2 min read
Two related but distinct figures
Interest charged is the interest that has accrued on your outstanding balance over a period — the cost the loan has generated. Interest paid is the portion of your actual payments that went to interest. On a standard amortising loan running to schedule these largely align over time, but at any given moment, and in your accounts, the distinction matters — accrual and payment do not always fall in the same period.
Why the gap arises
Interest accrues continuously (often daily) but is paid periodically, so at a month-end there can be accrued interest charged but not yet paid. If you settle early, the figure that matters is interest charged to the settlement date, which may differ from what you would have paid on schedule. For accounts, the interest expense is the interest charged for the period, regardless of exactly when it was paid. See recording the loan.
Where it shows up
The distinction surfaces in three places: your amortisation schedule, which shows interest charged per period; your settlement figure, which reflects interest charged to the exact date; and your accounts, where the interest expense is the interest charged for the period. Understanding which figure you are looking at avoids confusion when reconciling. See what's deductible.
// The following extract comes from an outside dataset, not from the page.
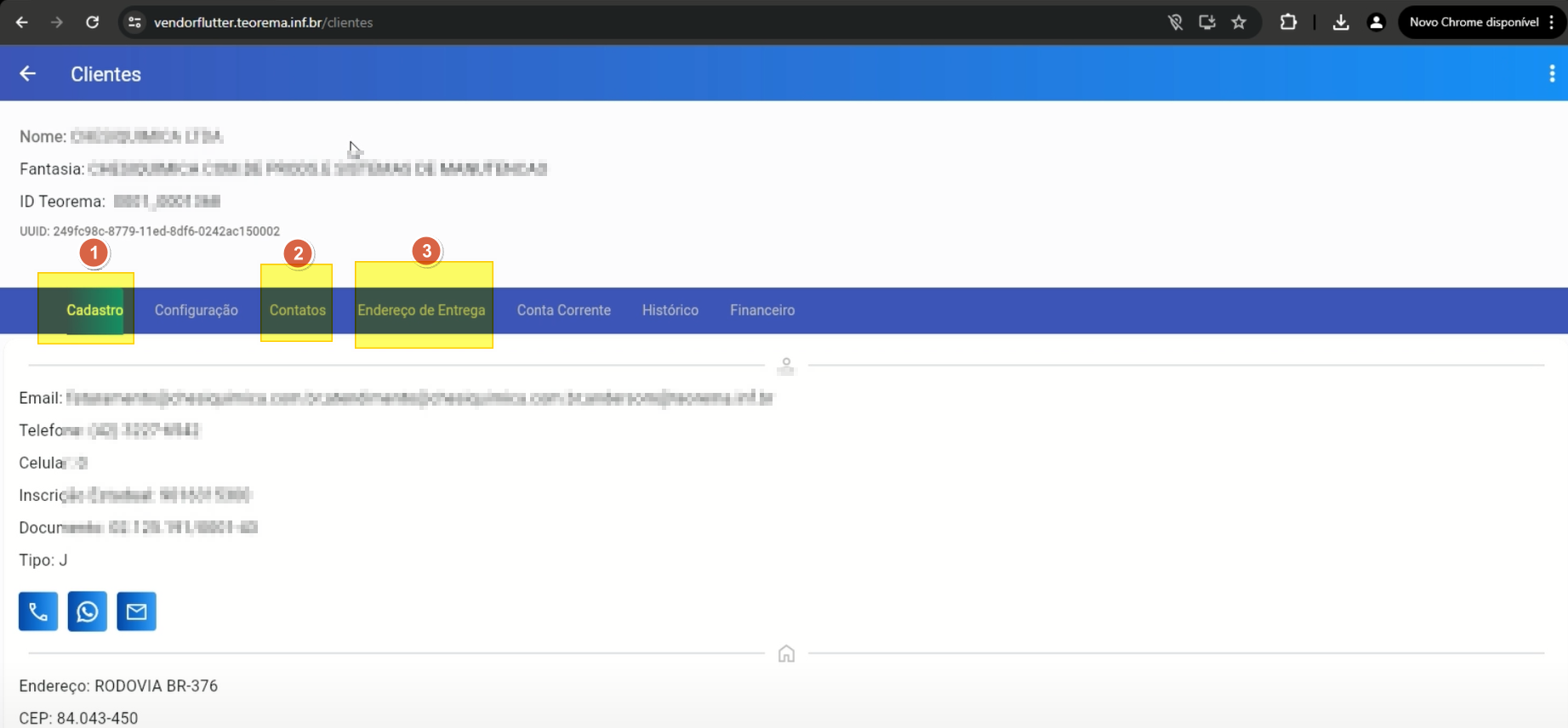 Tela Clientes em vendorflutter.teorema.inf.br/clientes exibindo Nome, Fantasia, ID Teorema e UUID do cliente, com as abas Cadastro, Configuração, Contatos, Endereço de Entrega, Conta Corrente, Histórico e Financeiro; abas Cadastro, Contatos e Endereço de Entrega destacadas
For your figures, pull the interest breakdown from the repayment schedule and confirm the accounting treatment with your accountant.
Frequently asked questions
Which figure is tax-deductible — interest charged or paid?
Generally the interest charged for the accounting period is the expense recognised and relieved, reflecting the cost the loan generated in that period, rather than simply what was physically paid within it. The two are usually close on a loan running to schedule, but the timing distinction can matter at period-ends. Your accountant will apply the correct treatment based on the rules and your circumstances.
Why is my early settlement interest different from my schedule?
Because a settlement reflects interest charged to the exact settlement date, calculated to the day, rather than the interest built into your scheduled future payments. Settling early stops interest accruing from that date, so you pay interest charged up to it — not the full future interest your remaining payments would have included. That is why the settlement figure is lower than adding up the remaining payments.